In practice, this means that because of the precise physical specifications
that clarinets are manufactured to these days the cutoff frequency curve
for two R13 Buffets made according to the same specs would be virtually
identical. A professional listener would, in most cases, not be able to
reliably distinguish between these two instruments (played by a single
professional using the same setup on both), unless there was some
manufacturing defect in one that made a particular note out of tune or
drastically changed the cutoff on a note or group of notes.
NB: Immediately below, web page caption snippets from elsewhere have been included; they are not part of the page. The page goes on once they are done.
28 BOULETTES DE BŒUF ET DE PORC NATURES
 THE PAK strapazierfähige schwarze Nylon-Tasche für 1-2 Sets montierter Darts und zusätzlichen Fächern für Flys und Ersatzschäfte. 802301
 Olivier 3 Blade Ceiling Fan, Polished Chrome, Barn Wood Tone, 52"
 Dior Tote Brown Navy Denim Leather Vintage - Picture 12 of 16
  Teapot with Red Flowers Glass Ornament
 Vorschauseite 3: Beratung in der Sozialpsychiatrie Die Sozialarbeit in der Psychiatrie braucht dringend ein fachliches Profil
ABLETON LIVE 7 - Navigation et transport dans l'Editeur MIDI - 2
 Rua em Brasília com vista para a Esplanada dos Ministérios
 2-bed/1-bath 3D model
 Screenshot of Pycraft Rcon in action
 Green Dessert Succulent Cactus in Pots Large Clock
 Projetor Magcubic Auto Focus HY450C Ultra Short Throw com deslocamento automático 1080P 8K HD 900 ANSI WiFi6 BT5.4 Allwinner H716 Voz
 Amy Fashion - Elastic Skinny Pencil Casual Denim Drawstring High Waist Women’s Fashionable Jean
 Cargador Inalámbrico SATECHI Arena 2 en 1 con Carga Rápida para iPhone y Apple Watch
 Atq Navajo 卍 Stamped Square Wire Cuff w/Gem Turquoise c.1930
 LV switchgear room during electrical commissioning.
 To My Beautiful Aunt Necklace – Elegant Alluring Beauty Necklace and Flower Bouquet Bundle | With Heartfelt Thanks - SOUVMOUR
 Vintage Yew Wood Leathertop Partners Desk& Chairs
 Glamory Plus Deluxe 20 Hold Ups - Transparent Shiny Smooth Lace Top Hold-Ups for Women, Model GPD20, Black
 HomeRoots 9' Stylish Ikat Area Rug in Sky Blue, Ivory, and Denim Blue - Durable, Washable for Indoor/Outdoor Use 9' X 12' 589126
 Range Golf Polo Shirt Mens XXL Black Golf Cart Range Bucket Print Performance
On the other hand, the cutoff curve for an R13 A clarinet is substantially
below that of and an R13 Bb clarinet, and correspondingly professional
listeners CAN reliably (in blind studies) tell the difference, and will
note that the A clarinet is "darker".

Furthermore, clarinets from different makers and periods have markedly
different cutoff curves, and are consequently quite distinguishable. By
the way, remember that the fingering system itself does not determine the
cutoff frequencies, but rather the size and placement of holes does.
Therefore, to say just because a clarinet has a German system (Oehler or
Mueller or other) means that it is darker is erroneous. There are in fact
German system clarinets that are brighter and others that are darker than
the standard Buffet R13.

For further reading on this subject and much more detail, references,
graphs and equations, check out my favorite book on the subject,
"Fundamentals of Musical Acoustics," Second, Revised Edition by Arthur H.
Benade, Dover Publications, Inc., New York, NY, 1990.

----------------------
Jonathan Cohler
cohler@-----.net

P.S. For those interested in practical applications of all this: My Rossi
clarinet is definitely "darker" than my R13 (i.e. it has a lower average
cutoff frequency), as well as being better in a hundred other ways!